3055 L’Assomption Blvd. , Montreal, Quebec H1N 2HI Canada
(Address of Principal Executive Offices) (Zip Code)

1(514) 254-9195
(Registrant’s telephone number, including area code)

Not Applicable
(Former name or former address, if changed since last report)

Check the appropriate box below if the Form 8-K filing is intended to simultaneously satisfy the filing obligation of the registrant under any of the following provisions:

¨ Written communications pursuant to Rule 425 under the Securities Act (17 CFR 230.425)
¨ Soliciting material pursuant to Rule 14a-12 under the Exchange Act (17 CFR 240.14a-12)
¨ Pre-commencement communications pursuant to Rule 14d-2(b) under the Exchange Act (17 CFR 240.14d-2(b))
¨ Pre-commencement communications pursuant to Rule 13e-4(c) under the Exchange Act (17 CFR 240.13e-4(c))
 

 

 
 

Item 7.01 Regulation FD Disclosure

GMS Capital Corp. (“The Company”) has had to take emergency action in order to replace CEO Martial Rolland with an interim CEO. It appears that Mr. Rolland has had to take care of personal problems that involve allegations of wrongdoing. These allegations are of a personal nature and in no way whatsoever involve Mr. Rolland in his capacity as a senior corporate officer of this or any other company.

 

While the Company is not aware of nor does it believe that M. Rolland has committed any unethical acts, nevertheless our Board of Directors has determined that it was in the best interests of the company to suspend Mr.
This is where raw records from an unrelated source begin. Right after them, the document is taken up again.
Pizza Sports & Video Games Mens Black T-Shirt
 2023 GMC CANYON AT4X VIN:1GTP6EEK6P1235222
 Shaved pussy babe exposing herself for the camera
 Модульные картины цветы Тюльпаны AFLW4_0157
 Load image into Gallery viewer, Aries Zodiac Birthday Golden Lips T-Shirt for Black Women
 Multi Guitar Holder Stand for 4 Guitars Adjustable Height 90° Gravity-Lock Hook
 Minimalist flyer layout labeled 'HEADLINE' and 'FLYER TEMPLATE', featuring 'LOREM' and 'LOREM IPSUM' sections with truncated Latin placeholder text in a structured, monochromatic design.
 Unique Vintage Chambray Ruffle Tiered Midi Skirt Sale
Rolland from all his functions and duties immediately and for an indefinite period until such time as a thorough investigation will have been concluded.

 

In the meanwhile the board has moved to appoint Mr. Bernard Canneva, currently serving on the Board of Directors, as interim CEO of the Company; and in order to assist Mr. Canneva, the Board has also appointed Mr. Emanuel Tomasino, currently on the Board of Directors, to the position of Executive Vice-President, until the above matters are resolved.

 

 
 

SIGNATURES

Pursuant to the requirements of the Securities Exchange Act of 1934, the Registrant has duly caused this report to be signed on its behalf by the undersigned hereunto duly authorized.

Date:  April 1 2013 GMS Capital Corp.